CAIRO: Two MPs withdrew from the parliament’s constitutional and legislative committee Tuesday in objection to the committee’s insistence on maintaining the current version of a law regulating presidential elections.
Article 28 of the constitutional declaration in place since March 30 says the decisions of the presidential elections supreme committee cannot be appealed, and assigns the head of the Supreme Constitutional Court as the head of the committee.
Following discussions on Monday, members of the legislative committee were supposed to decide Tuesday whether to call upon the military rulers to amend the constitutional declaration, or to urge one third of MPs to call for its amendment in the People’s Assembly.
When the committee decided against the amendment, MPs Mamdouh Ismail of the ultraconservative Al-Asala Party reportedly accused his fellow committee members of colluding with the military rulers. Together with Aboul Ezz El-Hariry of the Socialist Popular Coalition Party, they stormed out of the meeting room.

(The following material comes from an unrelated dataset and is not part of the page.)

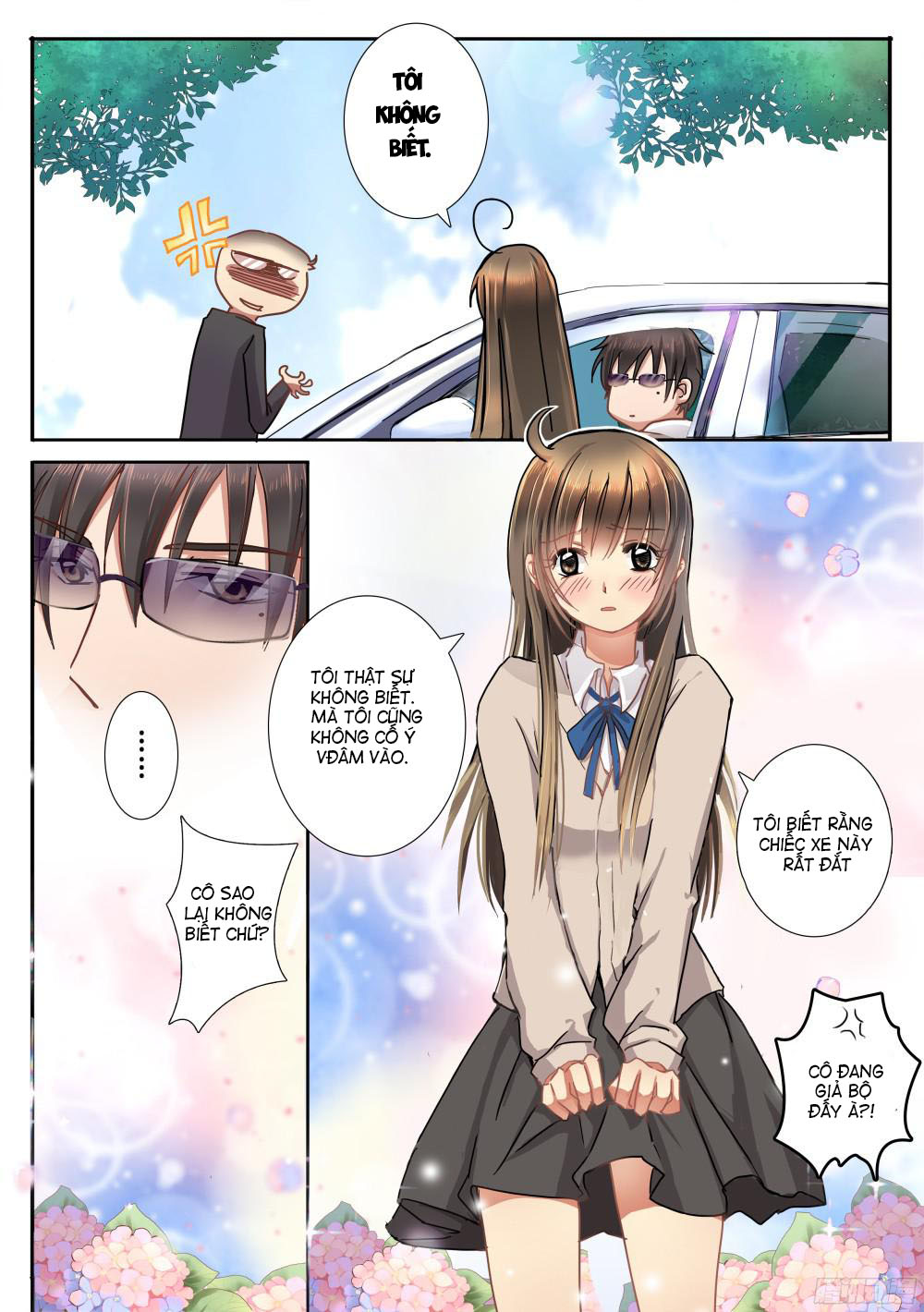 Người Thừa Kế Giá Đáo: Hiệu Thảo Làm Loạn Đủ Chưa? Chapter 2 - Trang 2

However, judge Mahmoud El-Khodeiry, head of the subcommittee, downplayed the dispute.
“It was a normal and simple argument,” he said briefly. “You cannot say they withdrew; they only left to attend the PA session”.
As for Article 28, El-Khodeiry said that the PA has no right to demand its amendment since it was approved through a public referendum. “We will need another referendum to change it,” he added.
Committee member Hatem Azzam, of the Freedom and Justice Party, explained that holding another referendum means the military council would stay in power for longer, which the committee members were against.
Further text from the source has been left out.